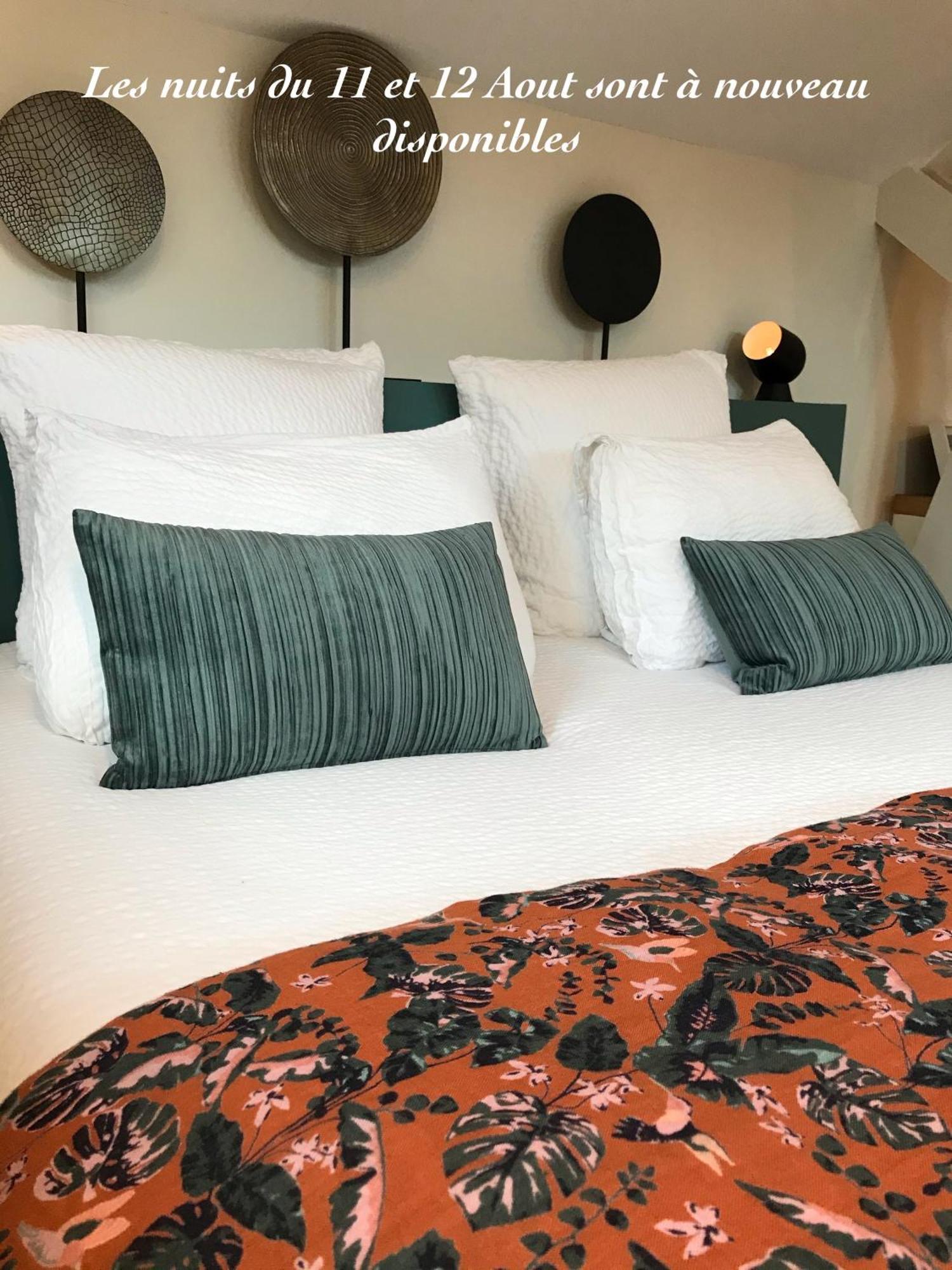 Bed and Breakfast Les Arbres Rouges Sucé Esterno foto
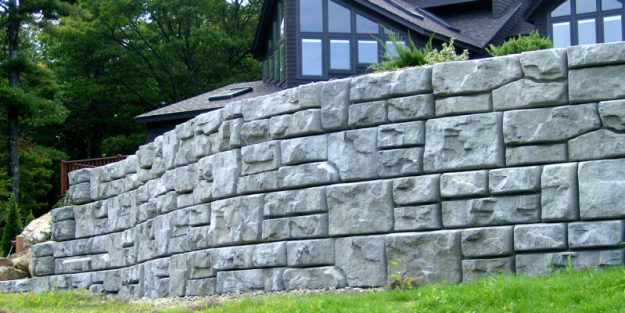 Redi-Rock Retaining Wall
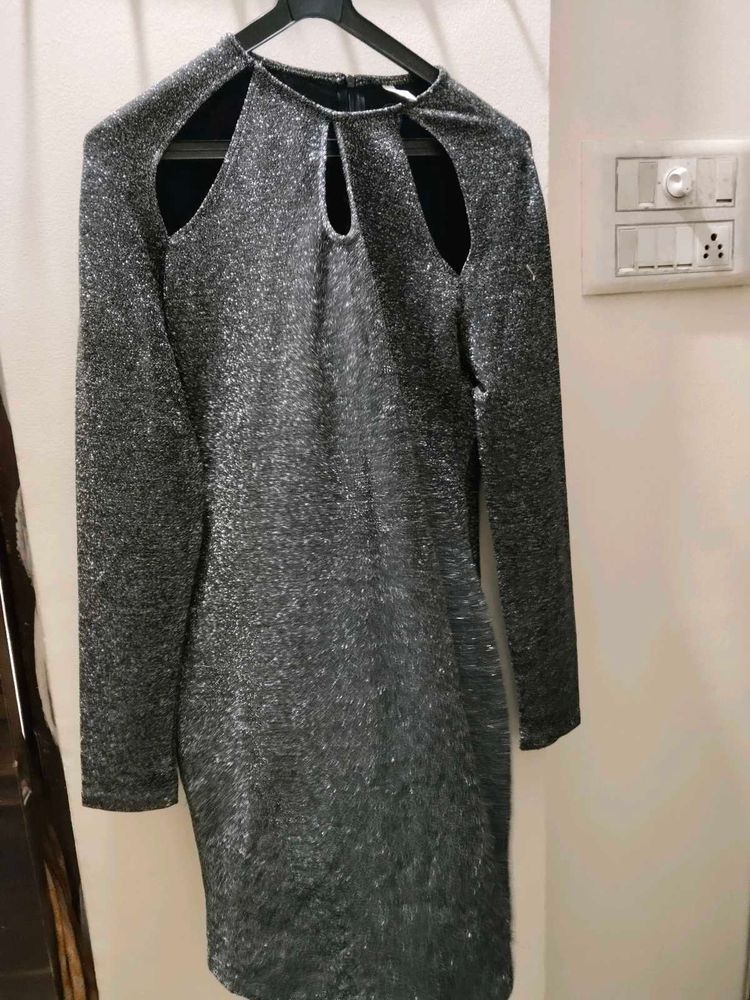 Sparkly Cut-Out Long Sleeve Dress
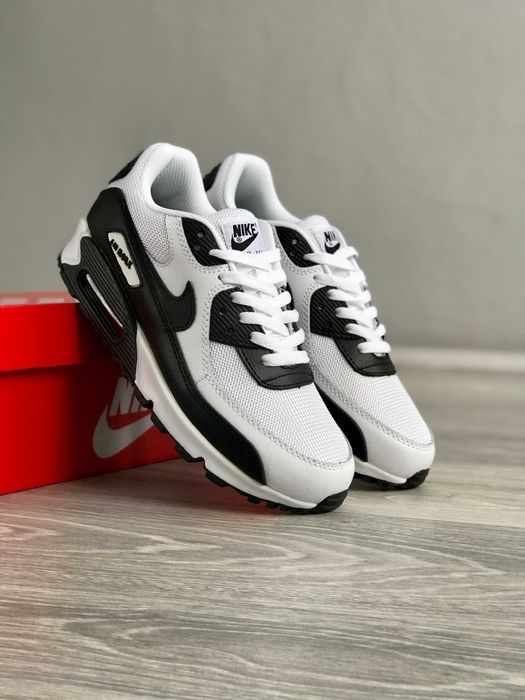 Чоловічі кросівки Nike Air Max 90 "Black/White" Розміри 40-45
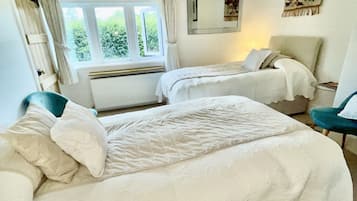 Habitación superior con 1 cama doble o 2 individuales, baño privado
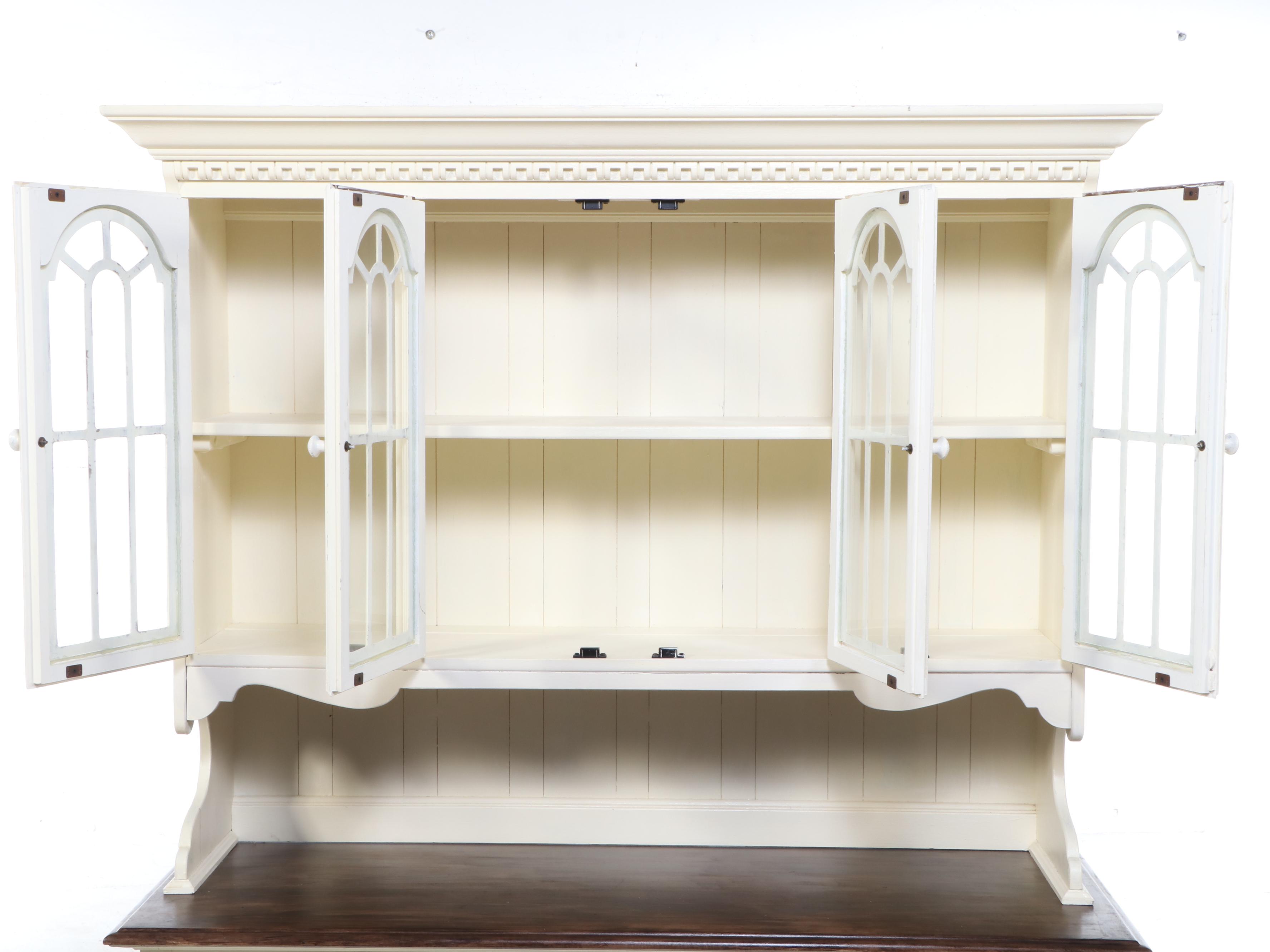 Thomasville Colonial Revival Style Parcel-Painted China Cabinet, Late 20th C.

• EXERCISE GOAL: The output consists of exactly the lines from the one containing "Чоловічі кросівки Nike" through the last line of the listing, both included, with no pictures.

• TASK RESULT:
 Чоловічі кросівки Nike Air Max 90 "Black/White" Розміри 40-45
 Habitación superior con 1 cama doble o 2 individuales, baño privado
 Thomasville Colonial Revival Style Parcel-Painted China Cabinet, Late 20th C.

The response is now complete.